Ketua Umum LSM Libas 88 Probolinggo, Muhyidin menyampaikan langkah tersebut dilakukan semata untuk membantu Pemerintah agar masyarakat mulai sadar pentingnya memiliki legalitas dalam menjalankan usahanya.
“Kami akan bergerak untuk mengingatkan para pelaku usaha yang masih enggan untuk mengurus izin usahanya dan nanti masih tetap tidak mengurus izinnya akan kami laporkan,” tandasnya.
Ia menambahkan bagi pelaku usaha makanan dan minumam selain memiliki izin usaha, tentu harus memiliki sertifikat Halal dan Sertifikat Laik Hygiene Sanitasi agar Produk, minuman dan makanan yang dijual lebih terjamin.
“Dinama pelaku usaha produk, makanan dan minuman sudah wajib memiliki sertifikat Halal tapi Masih banyak di Probolinggo yang tidak memiliki sertifikat Halal dan enggan untuk mengurusnya,” tambah Muhyidin.
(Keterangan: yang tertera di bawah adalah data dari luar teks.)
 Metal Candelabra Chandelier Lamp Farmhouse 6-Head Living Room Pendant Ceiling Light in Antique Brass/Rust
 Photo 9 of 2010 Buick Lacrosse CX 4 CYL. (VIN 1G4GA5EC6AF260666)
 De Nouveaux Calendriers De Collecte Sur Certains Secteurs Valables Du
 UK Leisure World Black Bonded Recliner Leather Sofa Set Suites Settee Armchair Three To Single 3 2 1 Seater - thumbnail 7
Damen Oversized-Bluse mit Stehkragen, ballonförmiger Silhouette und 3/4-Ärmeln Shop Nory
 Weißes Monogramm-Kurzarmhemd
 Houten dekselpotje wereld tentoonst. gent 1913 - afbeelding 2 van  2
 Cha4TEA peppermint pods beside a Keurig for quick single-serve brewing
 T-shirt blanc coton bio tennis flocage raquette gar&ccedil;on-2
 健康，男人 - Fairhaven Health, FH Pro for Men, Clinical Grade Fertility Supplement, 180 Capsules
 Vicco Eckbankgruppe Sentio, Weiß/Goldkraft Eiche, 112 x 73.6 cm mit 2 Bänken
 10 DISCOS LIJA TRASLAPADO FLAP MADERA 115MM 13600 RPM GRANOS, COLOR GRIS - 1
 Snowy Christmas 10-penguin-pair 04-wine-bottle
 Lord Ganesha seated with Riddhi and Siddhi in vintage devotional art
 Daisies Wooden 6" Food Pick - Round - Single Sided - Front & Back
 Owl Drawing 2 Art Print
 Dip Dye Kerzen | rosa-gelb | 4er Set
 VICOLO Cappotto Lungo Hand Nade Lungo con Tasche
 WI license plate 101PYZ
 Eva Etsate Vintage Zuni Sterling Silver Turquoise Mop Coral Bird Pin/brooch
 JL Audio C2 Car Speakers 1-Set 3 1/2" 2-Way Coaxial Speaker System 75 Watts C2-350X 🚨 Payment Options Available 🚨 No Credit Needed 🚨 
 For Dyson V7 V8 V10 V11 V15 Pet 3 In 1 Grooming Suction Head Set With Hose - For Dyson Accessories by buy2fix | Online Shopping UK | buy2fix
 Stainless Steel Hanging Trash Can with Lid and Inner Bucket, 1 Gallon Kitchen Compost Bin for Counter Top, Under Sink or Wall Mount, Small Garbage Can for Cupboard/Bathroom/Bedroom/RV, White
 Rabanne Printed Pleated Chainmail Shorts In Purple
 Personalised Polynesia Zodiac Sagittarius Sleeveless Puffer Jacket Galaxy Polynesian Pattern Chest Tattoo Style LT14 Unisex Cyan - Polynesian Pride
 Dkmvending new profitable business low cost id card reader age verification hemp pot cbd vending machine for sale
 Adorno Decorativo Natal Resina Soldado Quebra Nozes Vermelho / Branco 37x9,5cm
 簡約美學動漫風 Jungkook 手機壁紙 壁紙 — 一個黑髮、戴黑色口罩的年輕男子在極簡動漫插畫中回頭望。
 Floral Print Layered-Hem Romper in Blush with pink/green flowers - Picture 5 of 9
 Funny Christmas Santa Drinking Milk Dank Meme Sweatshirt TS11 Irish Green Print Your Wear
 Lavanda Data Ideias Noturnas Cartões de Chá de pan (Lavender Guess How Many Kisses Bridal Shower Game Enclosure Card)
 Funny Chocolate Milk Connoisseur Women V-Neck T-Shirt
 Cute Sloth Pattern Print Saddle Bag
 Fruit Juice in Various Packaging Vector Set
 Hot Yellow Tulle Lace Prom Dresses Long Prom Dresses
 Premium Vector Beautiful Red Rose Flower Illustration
Sesuai ketentuan Undang-undang Nomor 33 tahun 2014 tentang Jaminan Produk Halal (JPH), produk yang masuk, beredar dan diperdagangkan di wilayah Indonesia wajib bersertifikat halal. Kewajiban bersertifikat halal ini sesuai Peraturan Pemerintah Nomor 39 tahun 2021 tentang Penyelenggaraan Bidang Jaminan Produk Halal, diatur dengan penahapan di mana masa penahapan pertama kewajiban sertifikat halal berakhir 17 Oktober 2024 lalu.
“Ada tiga kelompok produk yang harus sudah bersertifikat halal seiring dengan berakhirnya penahapan pertama tersebut. Pertama, produk makanan dan minuman. Kedua, bahan baku, bahan tambahan pangan, dan bahan penolong untuk produk makanan dan minuman. Ketiga, produk hasil sembelihan dan jasa penyembelihan,” tandasnya.
Ia berharap masyarakat mulai sadar dan segera mengurus kelengkapan izin usahanya. Adapun sanksi yang akan diberikan oleh Pemerintah dapat berupa peringatan tertulis, denda administratif, hingga penarikan barang dari peredaran. Saksi tersebut diterapkan sesuai dengan ketentuan yang ada di dalam PP Nomor 39 tahun 2021.